TASK INPUTS below:

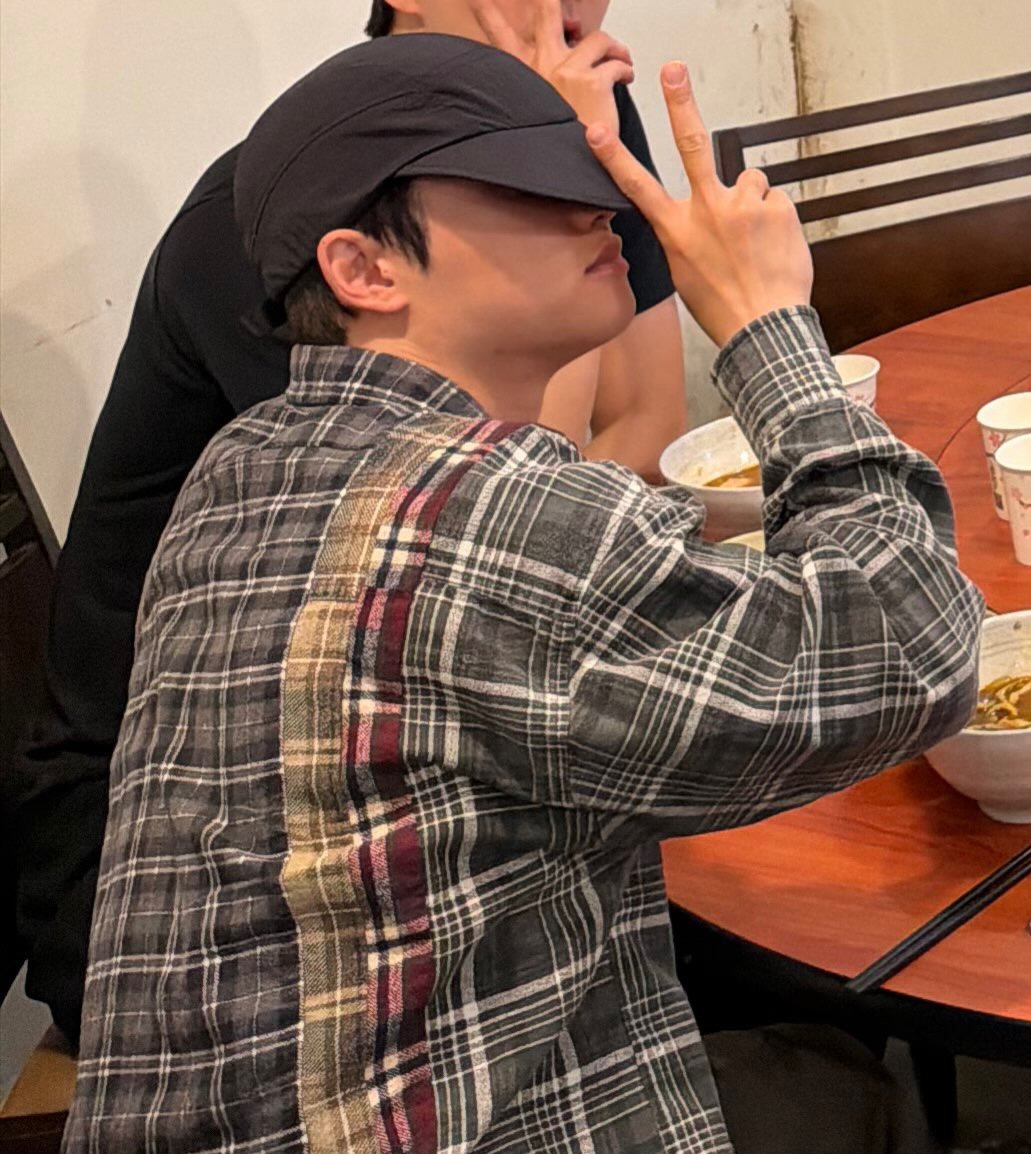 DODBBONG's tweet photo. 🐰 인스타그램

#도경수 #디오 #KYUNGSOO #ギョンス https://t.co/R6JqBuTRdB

End of TASK INPUTS.
TASK INPUTS below:

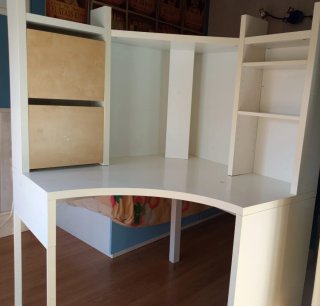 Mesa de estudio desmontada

End of TASK INPUTS.
TASK INPUTS below:

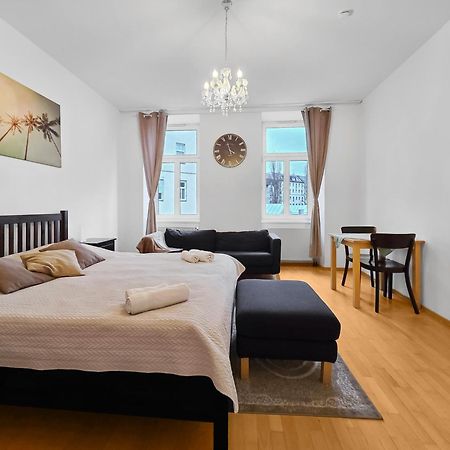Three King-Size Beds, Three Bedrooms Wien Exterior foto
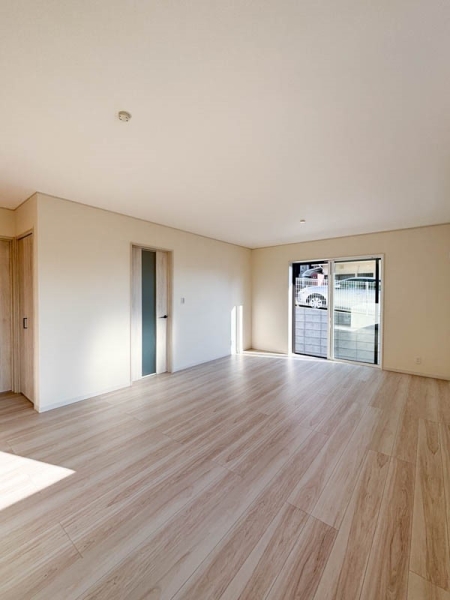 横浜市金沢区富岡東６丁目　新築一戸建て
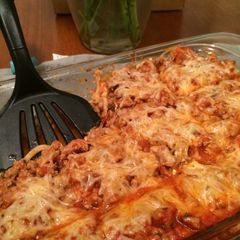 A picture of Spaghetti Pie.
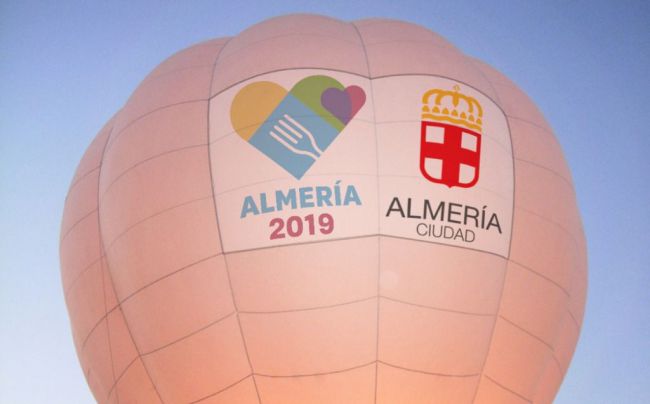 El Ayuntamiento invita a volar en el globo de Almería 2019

End of TASK INPUTS.

● **YOUR OBJECTIVE**: Take the material above from the line containing "A picture of Spaghetti Pie." up to and including the line containing "El Ayuntamiento invita" and retype it exactly, without any pictures.

● **RESULT BELOW**:
 A picture of Spaghetti Pie.
 El Ayuntamiento invita a volar en el globo de Almería 2019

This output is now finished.